You have to sleep sometime too and I'm an insomniac who likes challenges.


----------



## BigJohn23 (Aug 10, 2012)

CastingPearls said:


> You have to sleep sometime too and I'm an insomniac who likes challenges.


I never get tired so I'm not scared! Except for right now I'm pretty damn tired lol


----------



## BigJohn23 (Aug 10, 2012)

why do alot of fat guys get so jealous when they see another fat guy with a girl? If I see that I'm happy for the guy! But some fat guys act jealous like little high school girls. Even out here you will get fat guys getting mad if there is a girl who talks to someone new out here & gives them a little bit of attention. Part of the reason I left dimensions years ago was because there was alot of jealousy & hate & it bored me to death. Us fat guys have it hard enough without attacking eachother. So I hope there is a bunch of new people on here that don't take things to serious & if they see a fat man having a connection with a girl they don't try & ruin it & are actually happy for the guy. I wanna be the Martin Luther King of fat guys & bring us together! Haha I wanna bring an end to fat on fat crime once & for all! lol So if you are a fat guy who gets jealous check your self & realize that there is enough vagina on the planet for everyone so chill out


----------



## Paquito (Aug 10, 2012)

Rather than getting jelly, I just propose threesomes. Works _every time._


----------



## CastingPearls (Aug 10, 2012)

BigJohn23 said:


> why do alot of fat guys get so jealous when they see another fat guy with a girl? If I see that I'm happy for the guy! But some fat guys act jealous like little high school girls. Even out here you will get fat guys getting mad if there is a girl who talks to someone new out here & gives them a little bit of attention. Part of the reason I left dimensions years ago was because there was alot of jealousy & hate & it bored me to death. Us fat guys have it hard enough without attacking eachother. So I hope there is a bunch of new people on here that don't take things to serious & if they see a fat man having a connection with a girl they don't try & ruin it & are actually happy for the guy. I wanna be the Martin Luther King of fat guys & bring us together! Haha I wanna bring an end to fat on fat crime once & for all! lol So if you are a fat guy who gets jealous check your self & realize that there is enough vagina on the planet for everyone so chill out


MLK is a stretch but if you say you're the Rosa Parks of Size Acceptance, you're a dead man. 

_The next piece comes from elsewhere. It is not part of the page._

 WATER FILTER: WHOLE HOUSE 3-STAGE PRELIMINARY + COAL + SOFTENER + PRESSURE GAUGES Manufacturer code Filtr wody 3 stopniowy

Don't say you weren't warned.

All that aside, you have to roll with it. It's a pretty tight-knit group and if you want to stick around, you have to get to know the neighborhood because it'll never modify itself for a noob or a returnee, generally speaking. I've been around a few years and I've seen them come and go. Some were jackasses and some were quite nice. Some had a chip on their shoulder and some came here just to tell us how to behave. I'm not sure it's jealousy. I think it's like a bunch of dogs pissing on the same fire hydrant. 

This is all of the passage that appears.